● What to work on: Give back exactly the lines of the entries below from the line with "Casa de banho" to the line with "Retrato despreocupado seniores", inclusive, and only those.

● Supplied information:
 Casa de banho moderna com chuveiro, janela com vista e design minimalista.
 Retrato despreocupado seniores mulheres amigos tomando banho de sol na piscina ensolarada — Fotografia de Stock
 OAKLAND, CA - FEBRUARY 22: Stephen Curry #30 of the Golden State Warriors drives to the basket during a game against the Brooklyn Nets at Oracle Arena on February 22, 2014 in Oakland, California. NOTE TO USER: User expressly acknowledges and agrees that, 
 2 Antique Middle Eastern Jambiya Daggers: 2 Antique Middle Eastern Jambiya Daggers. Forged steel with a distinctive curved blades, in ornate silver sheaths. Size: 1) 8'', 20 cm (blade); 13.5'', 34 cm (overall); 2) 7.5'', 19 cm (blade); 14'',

---

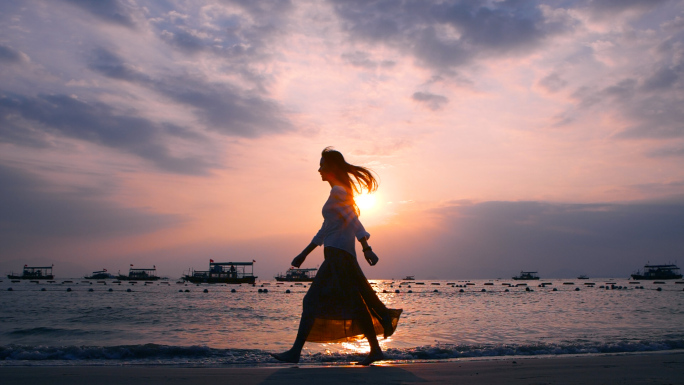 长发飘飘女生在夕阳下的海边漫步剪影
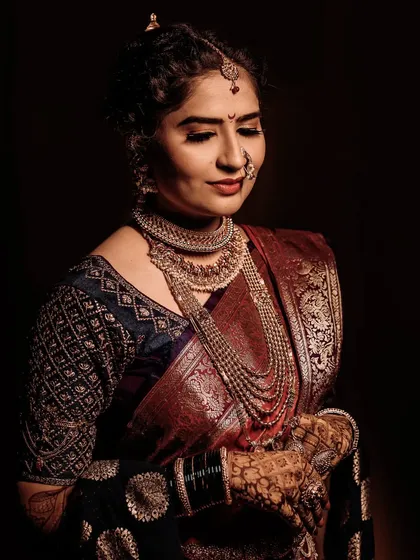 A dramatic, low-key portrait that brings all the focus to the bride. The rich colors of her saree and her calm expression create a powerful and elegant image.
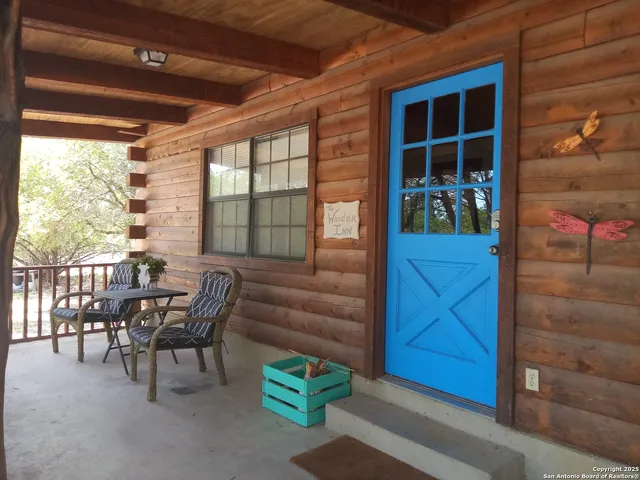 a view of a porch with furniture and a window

● Response below:
 Casa de banho moderna com chuveiro, janela com vista e design minimalista.
 Retrato despreocupado seniores mulheres amigos tomando banho de sol na piscina ensolarada — Fotografia de Stock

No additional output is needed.